See that netting above the trees? They think that's going to hide them. It's really not going to.

It is very much best not to know the how and why in a situation as silly as Homefront's. Too much reason spoils its fictional pudding. Just concentrate on what you can do in that situation. Coming from Kaos Studios, the creators of underwhelming Battlefield-like Frontlines: Fuel of War, many had expected Homefront to be more of the same - rival armies fighting for territory, with a rudimentary string of bot-occupied multiplayer maps masquerading as a single-player campaign.

This, though, is from what's being referred to as 'The New THQ'. Quality not quantity, every game a blockbuster: this is the plan. Homefront is, quite clearly, THQ hoping to have its own Call of Duty. There's as much to separate the two as there is to liken them, but in its sheen, in its bombast, in its patriotism and in its shooting lots of dudes, it's absolutely doing that latter-day videogame blockbuster thing.

What we're shown doesn't give a complete picture of how the game will play, but it's definitely a tightly scripted, high-production-value forward stomp, rather than anything free-roaming or capture-point based. There will be drivable tanks and helicopters, one of the developers hints later, but for the most part it's ultra-glossy run 'n' gun.

That's robo-tankette the Goliath on the left.
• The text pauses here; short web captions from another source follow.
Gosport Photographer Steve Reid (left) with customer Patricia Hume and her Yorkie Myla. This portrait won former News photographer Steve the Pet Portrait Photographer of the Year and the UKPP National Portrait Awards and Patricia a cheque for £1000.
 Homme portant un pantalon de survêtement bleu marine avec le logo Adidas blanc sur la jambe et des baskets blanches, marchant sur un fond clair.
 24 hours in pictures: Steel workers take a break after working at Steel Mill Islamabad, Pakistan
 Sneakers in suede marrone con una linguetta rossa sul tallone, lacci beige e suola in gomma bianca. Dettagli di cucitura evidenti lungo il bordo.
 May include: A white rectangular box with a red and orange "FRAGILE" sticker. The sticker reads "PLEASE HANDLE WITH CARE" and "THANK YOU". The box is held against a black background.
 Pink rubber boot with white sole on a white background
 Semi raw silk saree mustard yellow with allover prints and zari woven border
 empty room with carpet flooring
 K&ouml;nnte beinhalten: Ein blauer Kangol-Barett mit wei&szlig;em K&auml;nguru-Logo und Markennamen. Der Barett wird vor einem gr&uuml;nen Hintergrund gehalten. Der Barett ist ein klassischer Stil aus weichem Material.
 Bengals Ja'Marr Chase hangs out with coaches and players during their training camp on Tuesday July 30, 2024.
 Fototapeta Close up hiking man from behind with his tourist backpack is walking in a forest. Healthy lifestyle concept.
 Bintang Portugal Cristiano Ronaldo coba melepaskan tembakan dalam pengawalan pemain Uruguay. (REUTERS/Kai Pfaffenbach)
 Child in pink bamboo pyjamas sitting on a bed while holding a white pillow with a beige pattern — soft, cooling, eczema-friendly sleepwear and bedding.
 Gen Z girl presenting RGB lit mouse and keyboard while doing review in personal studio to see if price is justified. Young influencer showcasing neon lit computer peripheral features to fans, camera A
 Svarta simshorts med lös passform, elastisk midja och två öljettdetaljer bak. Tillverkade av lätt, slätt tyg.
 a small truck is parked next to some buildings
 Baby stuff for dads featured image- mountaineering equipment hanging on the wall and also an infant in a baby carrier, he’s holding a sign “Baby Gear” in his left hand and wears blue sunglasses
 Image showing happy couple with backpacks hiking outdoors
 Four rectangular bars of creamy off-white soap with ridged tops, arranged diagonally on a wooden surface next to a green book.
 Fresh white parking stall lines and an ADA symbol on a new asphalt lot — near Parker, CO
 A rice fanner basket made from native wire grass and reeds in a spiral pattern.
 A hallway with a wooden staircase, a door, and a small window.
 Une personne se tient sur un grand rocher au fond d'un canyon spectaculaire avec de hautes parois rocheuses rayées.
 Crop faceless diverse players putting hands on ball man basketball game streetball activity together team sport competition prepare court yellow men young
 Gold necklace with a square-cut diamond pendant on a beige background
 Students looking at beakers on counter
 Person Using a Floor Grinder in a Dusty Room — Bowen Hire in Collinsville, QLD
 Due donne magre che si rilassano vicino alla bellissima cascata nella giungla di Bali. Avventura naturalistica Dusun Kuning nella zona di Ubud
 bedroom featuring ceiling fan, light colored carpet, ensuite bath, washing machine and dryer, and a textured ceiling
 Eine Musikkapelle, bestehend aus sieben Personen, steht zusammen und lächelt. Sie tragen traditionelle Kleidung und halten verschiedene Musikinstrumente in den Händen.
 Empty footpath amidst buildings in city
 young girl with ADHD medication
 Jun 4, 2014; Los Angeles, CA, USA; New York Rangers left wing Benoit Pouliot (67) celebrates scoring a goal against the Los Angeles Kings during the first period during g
Apparently you shouldn't get used to having access to high-tech gear, though.

If you'd like a couple more comparisons, try THQ's own horror-shooter Metro 2033 and Valve's Half-Life 2. It's the latter that looms largest, with Homefront working hard to build a world of refugees in an invaded land. The environments tell the story at least as much as do the (interactive) cut-scenes - the junk and leftovers from which America's few free survivors have built irrigation and accommodation, the solar panels, the generator hooked up to an exercise bike, the strange juxtaposition of a colourful table football table inside a ruined hallway, the DIY armour worn by the resistance, the goats being milked in the back garden...

Make no mistake: American has fallen. There isn't a standing army, and there aren't any major population centres outside of Korean-guarded refugees camps. There's just these guys, this tiny handful of people making do - they have their lives, but not a lot else. "It's not quite the future we had in mind," says their kindly middle-aged (but buff) leader Boone, "but at least we're free. We've built ourselves a safe haven."

These sort of scenes act as both pace-breakers from the intense action, and as a reason to fight. In the first camp we see, children play and farmers farm: it's tranquil and it's honest. These are good people.